%%

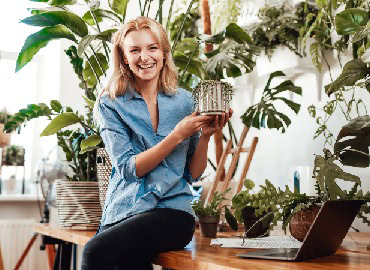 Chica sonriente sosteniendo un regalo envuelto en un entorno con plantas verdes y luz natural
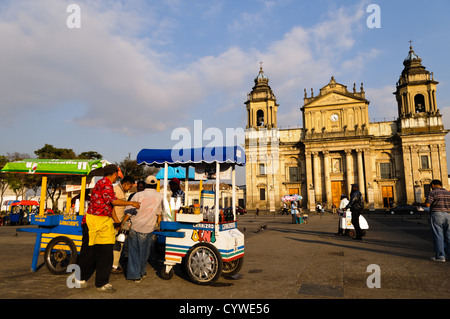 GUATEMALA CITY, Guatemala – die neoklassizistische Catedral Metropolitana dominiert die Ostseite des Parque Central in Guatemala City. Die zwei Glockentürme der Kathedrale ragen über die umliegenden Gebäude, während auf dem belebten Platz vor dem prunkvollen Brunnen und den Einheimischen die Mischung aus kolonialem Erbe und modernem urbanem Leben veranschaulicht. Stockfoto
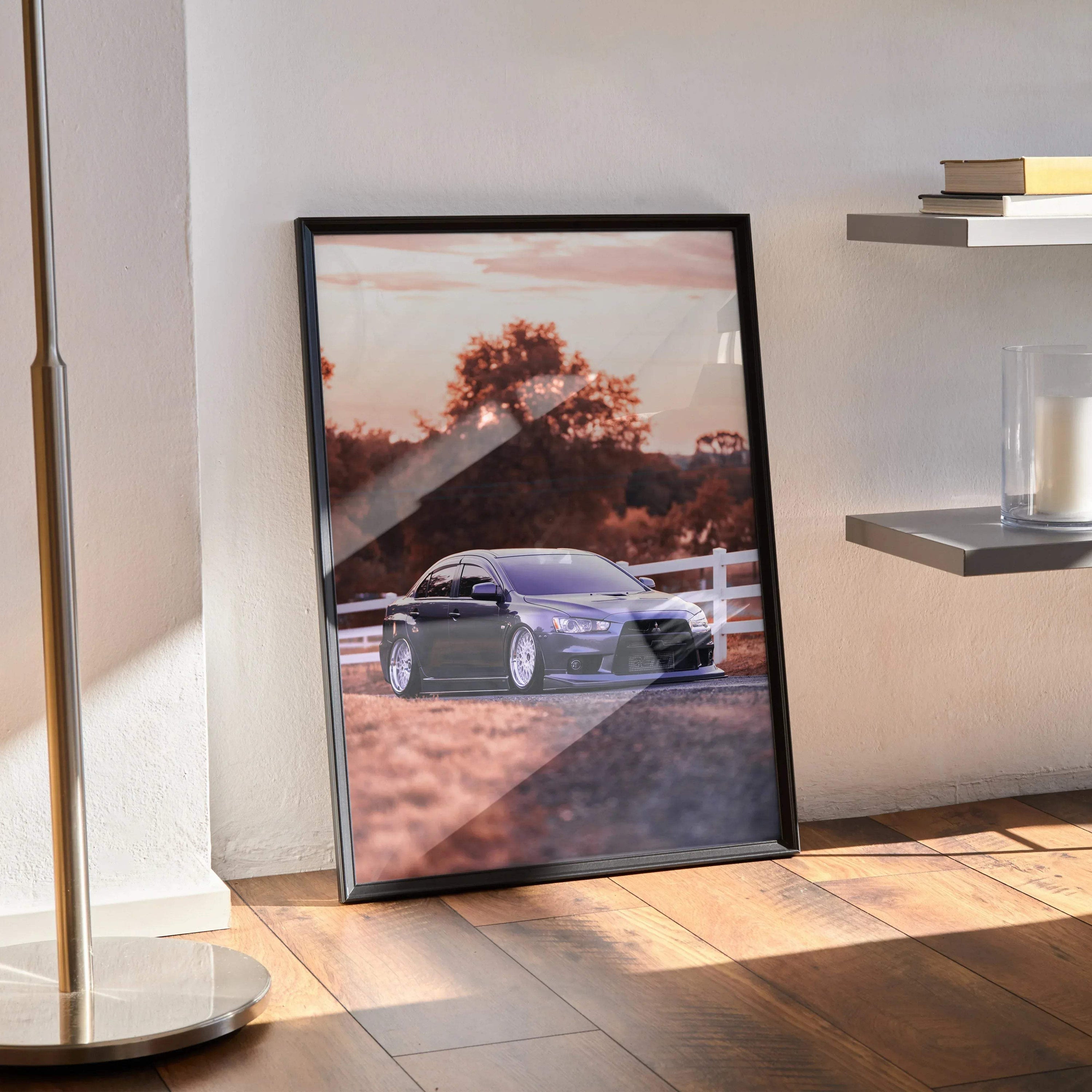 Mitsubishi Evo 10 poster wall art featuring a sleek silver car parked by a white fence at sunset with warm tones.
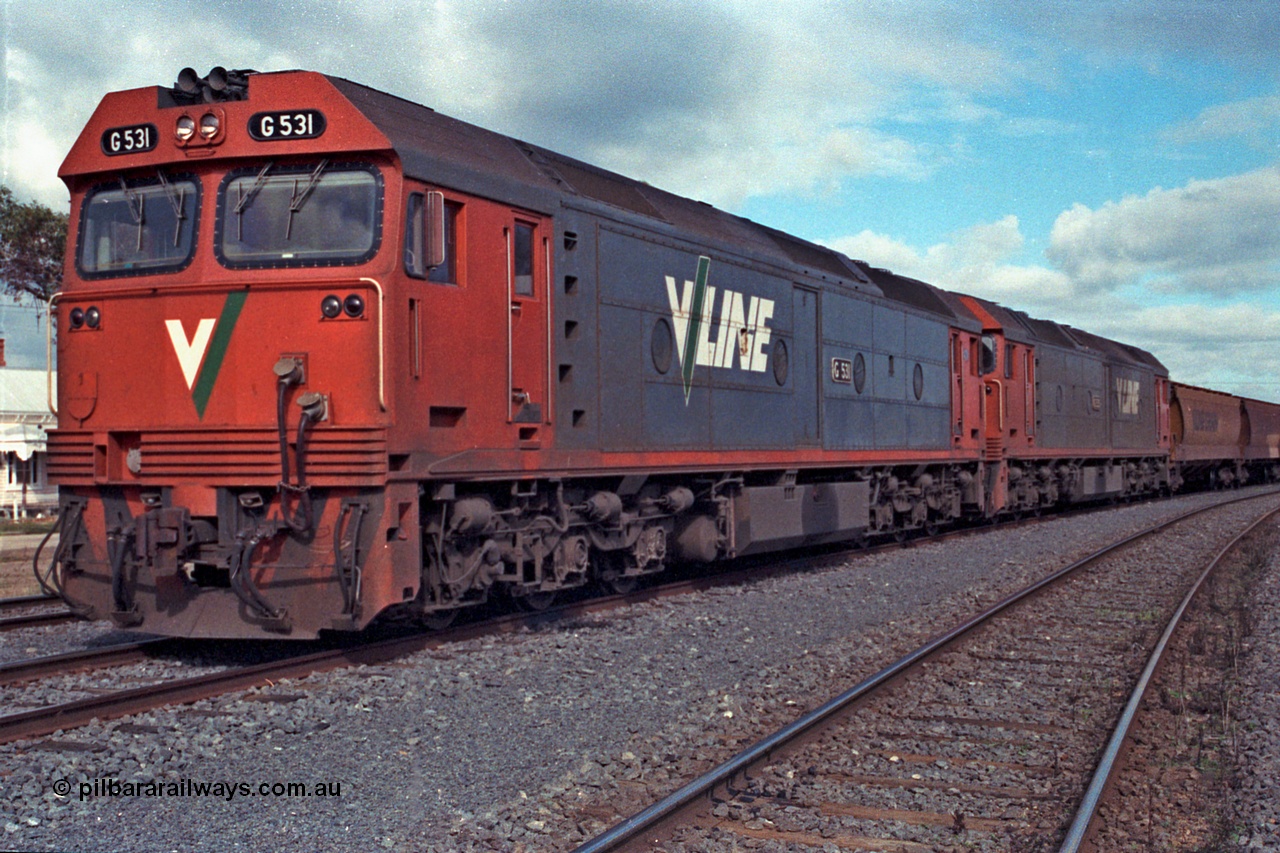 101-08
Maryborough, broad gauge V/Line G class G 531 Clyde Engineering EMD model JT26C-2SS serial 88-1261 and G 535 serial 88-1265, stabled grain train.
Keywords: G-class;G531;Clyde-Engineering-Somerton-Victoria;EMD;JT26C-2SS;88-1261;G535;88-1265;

%%

Check each line above for the word "Clyde". Then state how many lines contain it, and nothing more.

2